There are few grudges held by me and that’s not to say I haven’t gotten hurt or been angry.  But one thing I’ve learned is not to hold on to that negativity. I know I’m not perfect, as a mother or otherwise. But I don’t strive to be. The only thing I strive for his happiness.  I don’t want to harbor bad feelings toward someone. I don’t want to hurt. I don’t want to continuously question why things are the way they are. I want to be happy, love with all my heart, be loved and make amazing memories with the people that mean the most to me. We are all on this earth for such a short time. I don’t want to waste any of my precious time being angry with people who aren’t making a difference in my life. I hope my children learn what I’m trying to teach them.  And I hope they teach it to their children too.  This world would be a much better place if we all just loved a little harder and stopped judging others.
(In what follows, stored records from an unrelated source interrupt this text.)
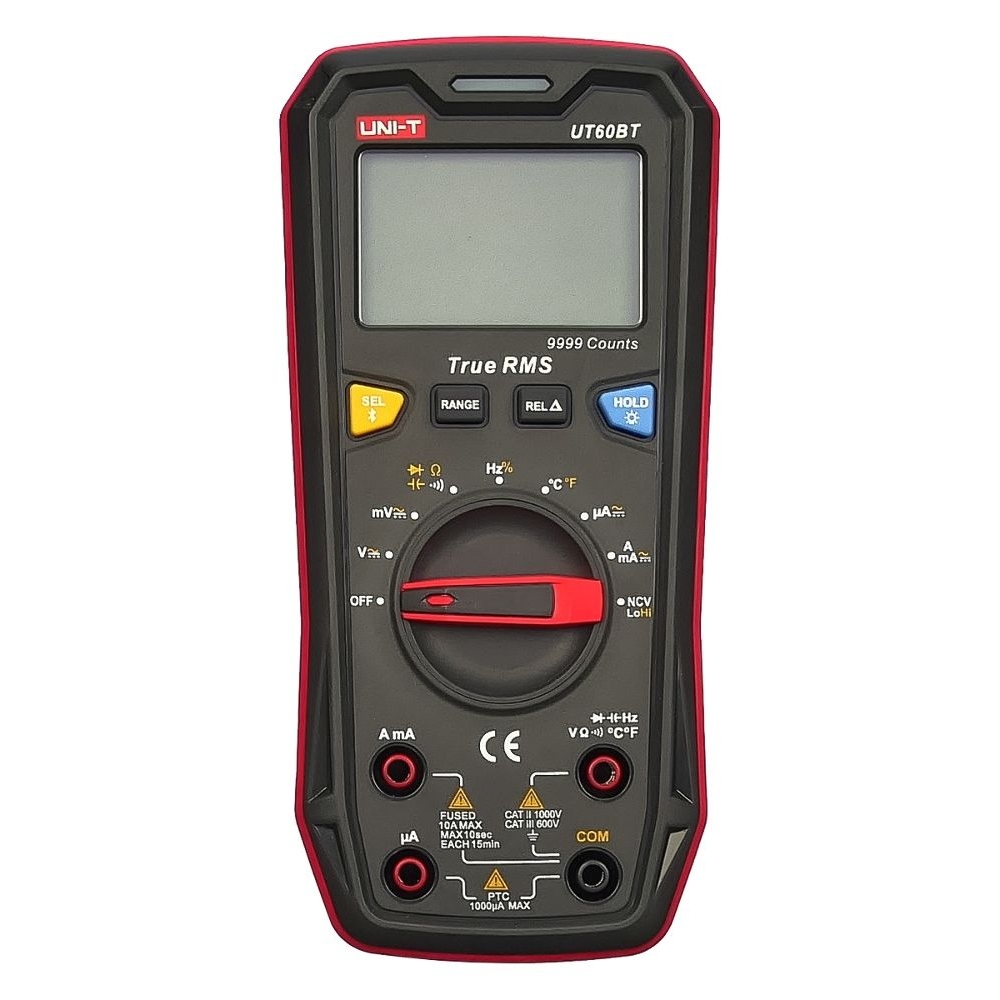 Мультиметр цифровой UNI-T UT60BT с функцией True RMS, Bluetooth, NCV, подсветкой, автоопределением, термопарой (ток до 10A)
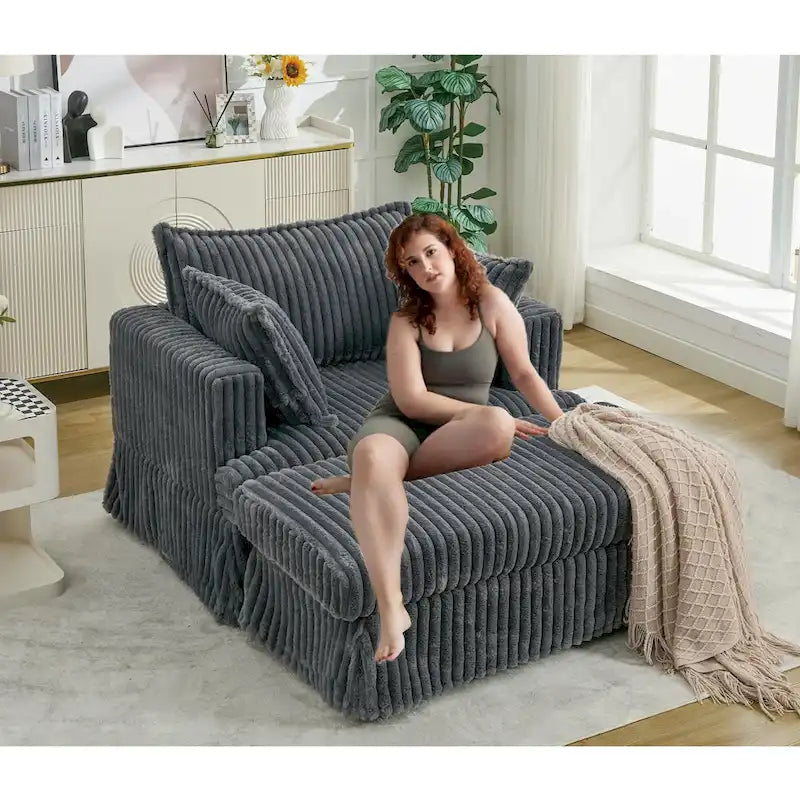 Chaise longue surdimensionnée moderne gris foncé de 47,8 po en tissu d'ameublement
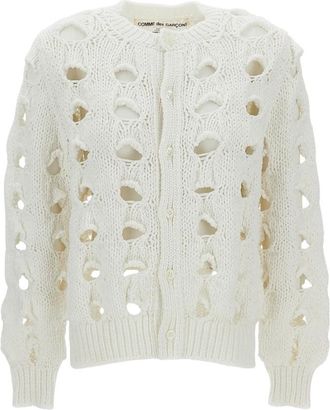 Comme Des Gar&ccedil;ons Cardigan traforato - Dames - Vesten - Wit - M - Truien & Vesten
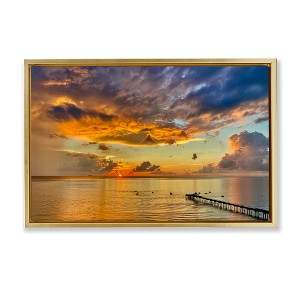Stupell Industries Sunset and Ocean Clouds Floating Frame Canvas Art - 1 of 4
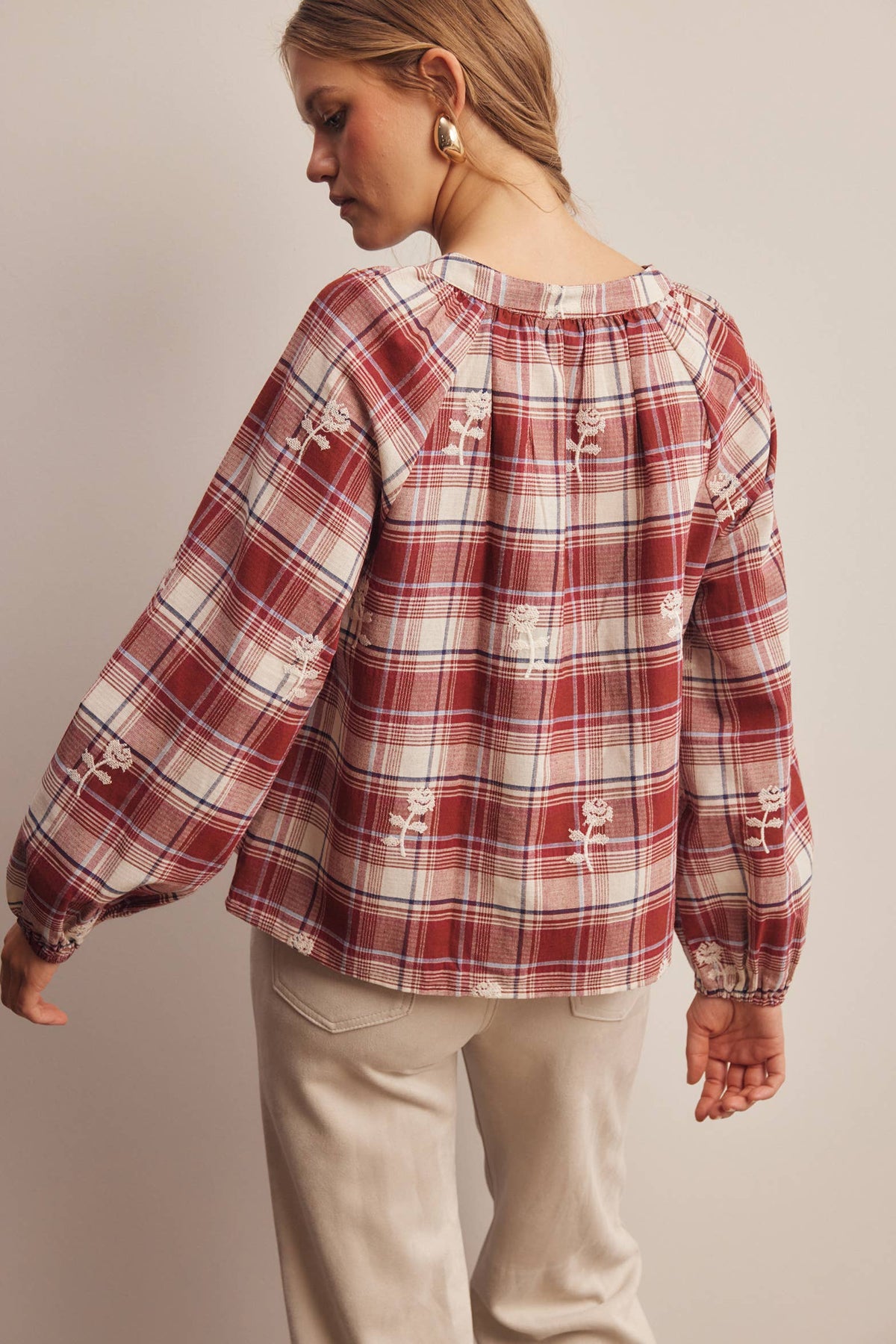 Embroidered Plaid Tie Neck Blouse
Of all the things I am, I will always be a mother. I will always love my children, unconditionally.  They may not always follow my advice. They may make mistakes (as we all have). But I will continue to teach them what I know and believe until my very last breath because I want them to be better than me. I want them to never give up on themselves, their dreams and their future. If ever they feel alone, I want them to know they always have me. And I want them to know that wherever life takes them, whoever they become, whatever happens between now and eternity…I will never stop loving them.  Ever.